Hartog’s Theorem. Let $V$ be a normal variety and let $W \subset V$ be a subvariety such that $\dim W \le \dim V – 2$. Let $f$ be a regular function on $V – W$. Then $f$ extends to a regular function on $V$.

But returning to our example: the map $\mathbf{C} \to V$ sending $z \mapsto (z^3,z^2)$ is in fact a normalization. The function $x/y$ then pulls back to $z$ on $\mathbf{C}$, which is obviously regular!

Remark. It is possible to define normality as saying every rational function that is bounded in a neighborhood $U$ of a point $p$ is in fact regular on $U$, in direct analogy to the Riemann extension theorem. But the equivalence of these definitions is hard: see Kollár, Lectures on resolution of singularities, §1.4, especially Rem. 1.28.

## Separating Branches

What follows is from Mumford’s The red book of varieties and schemes, III.9.

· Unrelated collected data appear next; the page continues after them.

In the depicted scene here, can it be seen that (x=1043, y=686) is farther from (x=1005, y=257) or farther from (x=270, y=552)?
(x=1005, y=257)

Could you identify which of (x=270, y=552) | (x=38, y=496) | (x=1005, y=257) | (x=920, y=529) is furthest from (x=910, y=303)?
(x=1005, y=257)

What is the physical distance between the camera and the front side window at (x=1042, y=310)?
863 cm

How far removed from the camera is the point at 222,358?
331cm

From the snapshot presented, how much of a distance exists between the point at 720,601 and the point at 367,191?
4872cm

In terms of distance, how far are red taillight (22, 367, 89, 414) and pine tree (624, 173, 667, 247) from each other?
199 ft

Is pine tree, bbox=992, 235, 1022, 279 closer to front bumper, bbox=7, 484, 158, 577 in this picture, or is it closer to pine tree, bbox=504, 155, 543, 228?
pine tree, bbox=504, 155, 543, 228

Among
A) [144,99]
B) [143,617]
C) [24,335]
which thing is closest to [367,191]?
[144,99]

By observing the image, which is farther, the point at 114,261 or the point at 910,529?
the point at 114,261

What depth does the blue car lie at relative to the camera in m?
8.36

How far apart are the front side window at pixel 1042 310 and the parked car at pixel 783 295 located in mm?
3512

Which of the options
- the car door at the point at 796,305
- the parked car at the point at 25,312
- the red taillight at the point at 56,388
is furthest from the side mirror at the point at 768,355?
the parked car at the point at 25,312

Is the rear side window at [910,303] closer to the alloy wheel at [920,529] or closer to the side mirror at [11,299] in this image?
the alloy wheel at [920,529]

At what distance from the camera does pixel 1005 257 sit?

Normality can be understood as a way to separate the “branches” of an algebraic variety at a singular point. Consider the following

Example (nodal cubic). Let $V = \{x^2(x+1) – y^2\} \subset \mathbf{C}^2$. It is not normal at $(0,0)$ since it’s singular there. Consider a small analytic neighborhood
$U = \{(x,y) \mid \lvert x \rvert < \epsilon,\ \lvert y \rvert < \epsilon\}$.
Points in $U \cap V$ satisfy $\lvert x – y \rvert \lvert x + y \rvert = \lvert x \rvert^3 < \epsilon \lvert x \rvert^2$ hence $\lvert x – y \rvert < \sqrt{\epsilon} \lvert x \rvert$ or $\lvert x + y \rvert < \sqrt{\epsilon} \lvert x \rvert$, but both can’t occur simultaneously for small enough $\epsilon$. Thus, near the origin $V$ splits into two “branches” containing points satisfying $\lvert x – y \rvert \ll \lvert x \rvert$ and $\lvert x + y \rvert \ll \lvert x \rvert$. Each piece is connected, but there is no algebraic way to separate each branch.

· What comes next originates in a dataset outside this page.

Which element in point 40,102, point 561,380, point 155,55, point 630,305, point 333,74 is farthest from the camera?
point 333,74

The normalization $\pi\colon \tilde{V} \to V$ ends up fixing this, in the following way: for each point $p \in V$, the inverse image $\pi^{-1}(p)$ is in 1-1 correspondence with the set of branches at $p$. In our particular example, it is given by $\mathbf{C} \to V$ where $z \mapsto (z^2-1,z(z^2-1))$; the two branches correspond to $z=\pm1$.

So perhaps a variety $V$ is normal if and only if at every point $p \in V$, there is only one branch. The forward direction is essentially the content of Zariski’s main theorem; see pp. 288–289 in Mumford. But the converse is false: the cuspidal cubic only has one branch but is not normal.